News & Press Release

    Doug Parker

    Budgeting Secrets

    This is the time of year many firms do their budgeting. Unfortunately, many of them make the budgeting process far more difficult than it has to be.

    Small firms may not know where to start the budgeting process, what to isolate, or how one number affects another. The most common tendency is to take the previous year’s numbers and gross them all up by some percentage. Or, to come up with all new numbers that show utilization jumping by 10% or the effective multiplier increasing by 20%— both unlikely scenarios.

    Mid-sized and large firms (for whom the budgeting process is even more difficult) often make the mistake of trying to deal with the firm in its entirety, instead of breaking it down into manageable pieces. The biggest problem of all is that firms budget because they think they have to, not because they understand that it’s an important management tool and learning exercise.
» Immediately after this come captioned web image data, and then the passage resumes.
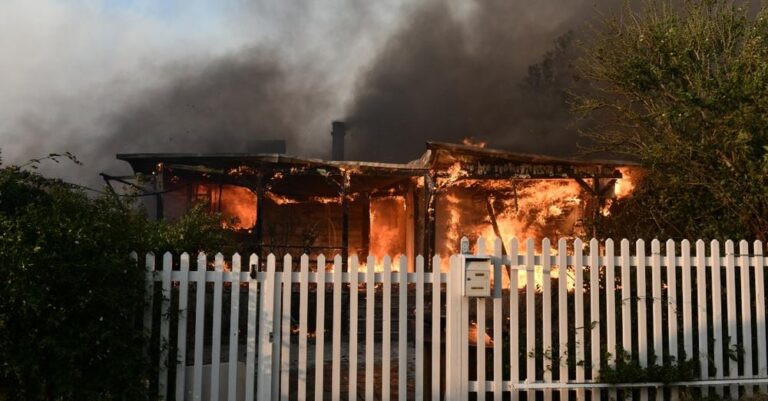 Τραγωδία: 84χρονος στην Παλλήνη αυτοκτόνησε επειδή κάηκε το σπίτι του για 3η φορά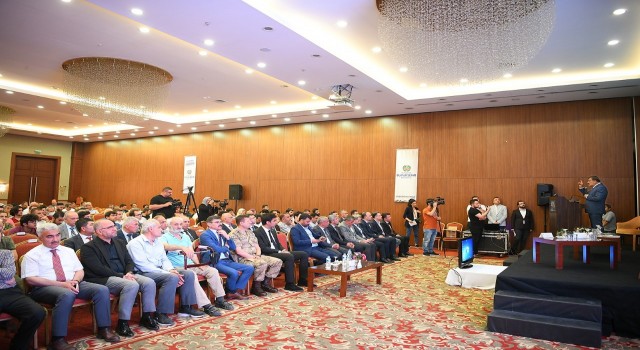 ‘Elektrikli ve Hibrit Araç Teknolojileri paneli düzenlendi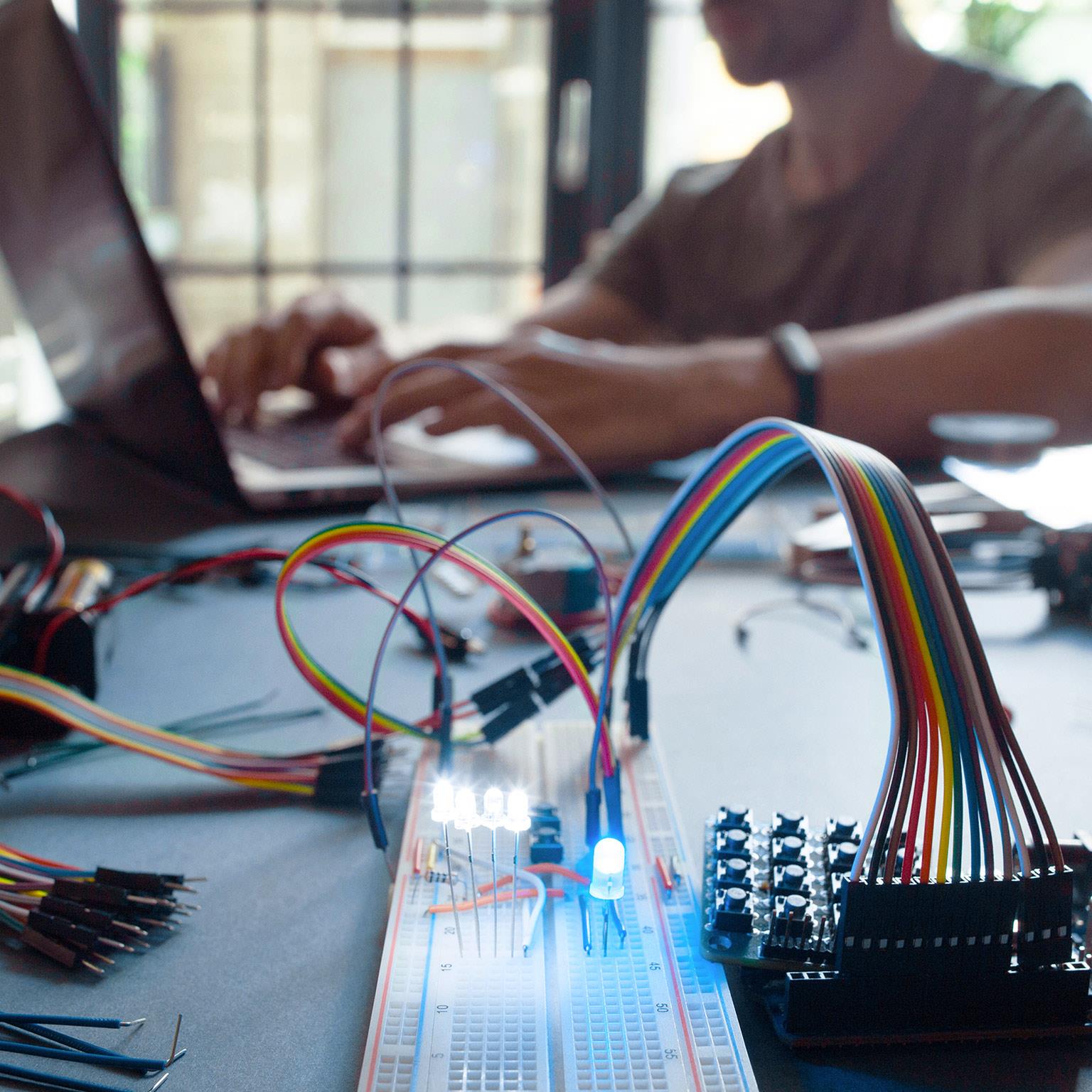 Internet-of-things_thumbnailV2_1536x1536_200_Standard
    The one person who probably knows more than anyone else about budgeting for design and environmental consulting firms is David Robertson, senior vice president and CFO of Reynolds, Smith & Hills, Inc., Jacksonville, Florida. David showed me a few tricks that I’ve used and refined over the years in a wide variety of firms, both large and small. This issue of The Zweig Letter comes with an extra insert that illustrates a no-nonsense budgeting process applied to a hypothetical A/E firm. Here’s an explanation of how the process works:

    Break down the whole into manageable parts. Do a budget for each of these parts. Then roll them up into one consolidated budget for the overall firm. If you have multiple offices and/or multiple departments or units within the firm or offices, you need to separate out each office and each significant unit. Most smaller, single-discipline firms of ten people or less can skip this step.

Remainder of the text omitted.